• Exercise brief: Return each line of the listing exactly, though without its images.

::: Supplied data :::

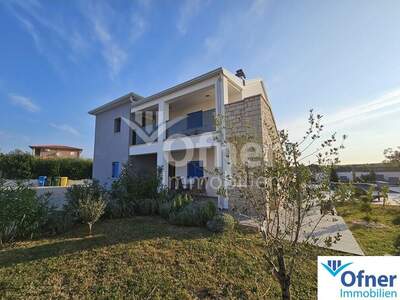 Haus kaufen in 52440 Porec (Bild 1)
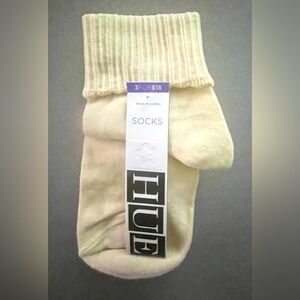 Hue Cream Scalloped Turncuff Socks NWT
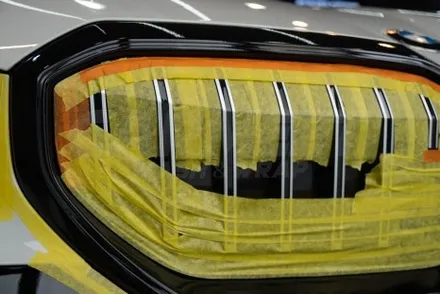 [공지] 부산 BMW 그릴 랩핑 5시리즈 G60 아이코닉글로우 시공 / 부산 명지동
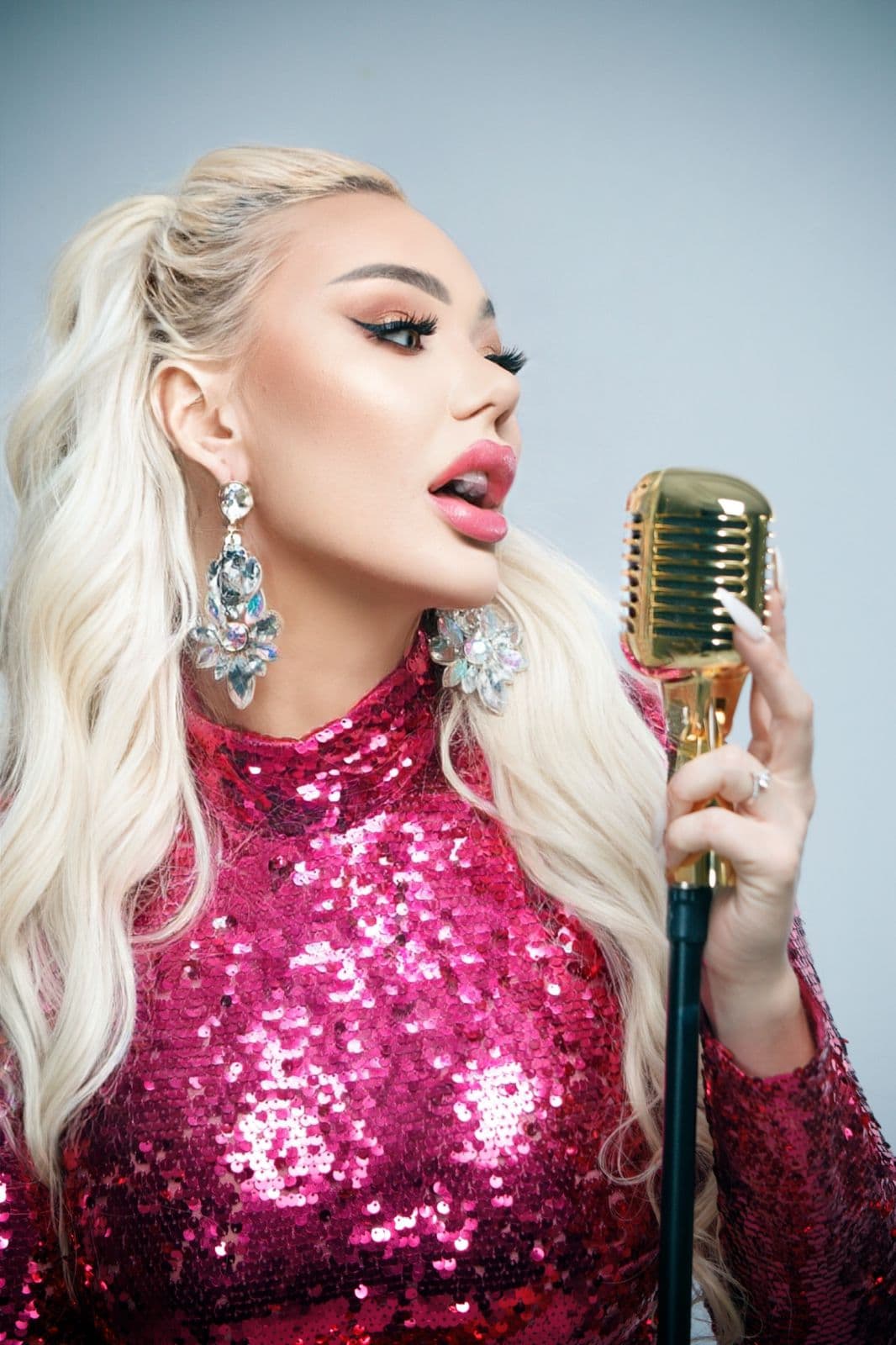 Kamila multilingual solo performance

:::

• Output for this task:
 Haus kaufen in 52440 Porec (Bild 1)
 Hue Cream Scalloped Turncuff Socks NWT
 [공지] 부산 BMW 그릴 랩핑 5시리즈 G60 아이코닉글로우 시공 / 부산 명지동
 Kamila multilingual solo performance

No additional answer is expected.